On the other hand, the DICfinal of the assays containing Fe2O3-1000 NPs was higher than the DICfinal of the control. As it has been stated elsewhere [16], the presence of metallic oxides enables the CO2 removal as they react with CO2 and water to form carbonates, thus the obtained results suggest that the NPs could have induced the dissolution of CO2 into the culture broth in the form of carbonates, resulting in enhanced kinetic parameters. Interestingly, the R values recorded herein, more specifically by the addition of 10 mg L−1 of Fe2O3-1000 NPs, confirm the fact that this phenomenon occurred. In this way, Fe2O3-1000 NPs, significantly enhanced C. vulgaris growth, which was mediated by a higher CO2 uptake however, the long exposure of C. vulgaris to these particular NPs (dominating by the α- phase) resulted in toxic effect leading to a cell density loss of up to 57% on day 9. Vargas-Estrada et al. [23] reported similar findings using Fe2O3 NPs and observed that the presence of Fe2O3 NPs enhanced the CO2 concentration in closed systems of Chlorella sorokiniana cultures.

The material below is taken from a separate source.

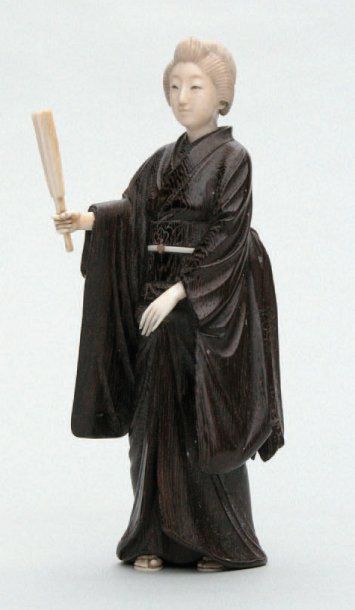 null STATUETTE en bois et ivoire représentant une geisha un éventail à la main. Japon,...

Moreover, chlorophyll content is used to indicate the photosynthesis rate and/or the cell division of microalgae [37] and in this particular study, the chlorophyll content in C. vulgaris decreased when Fe2O3-1000 were added while the chlorophyll content in C. vulgaris with Fe2O3-450 did not present a significant change (Fig. 4c). It has been previously stated that a loss in chlorophyll a content may be due to inhibition in the electron transport chain specially in the donor center, whereas an increase of chlorophyll a content should be due to the inhibition in the acceptor side [34]. Thus, the reduction of chlorophyll herein indicates that C. vulgaris quantum yield of PSII was interfered by the presence of Fe2O3-1000, confirming the toxic effect of Fe2O3-1000 to C. vulgaris cultures, mainly attributed to the dominating α- phase.

Fig. 4
figure 4

Time course of the cell density (a) and (b); and chlorophyll content (c) and (d) of Chlorella vulgaris cultivated in BG-11 medium under different conditions assessed: control (green circles), 10 mg L−1 Fe2O3-450 (blue triangles), 10 mg L−1 Fe2O3-100 (yellow cruces); 5 mg L−1 Fe2O3-450 (red squares); 20 mg L−1 Fe2O3-450 (navy blue diamonds)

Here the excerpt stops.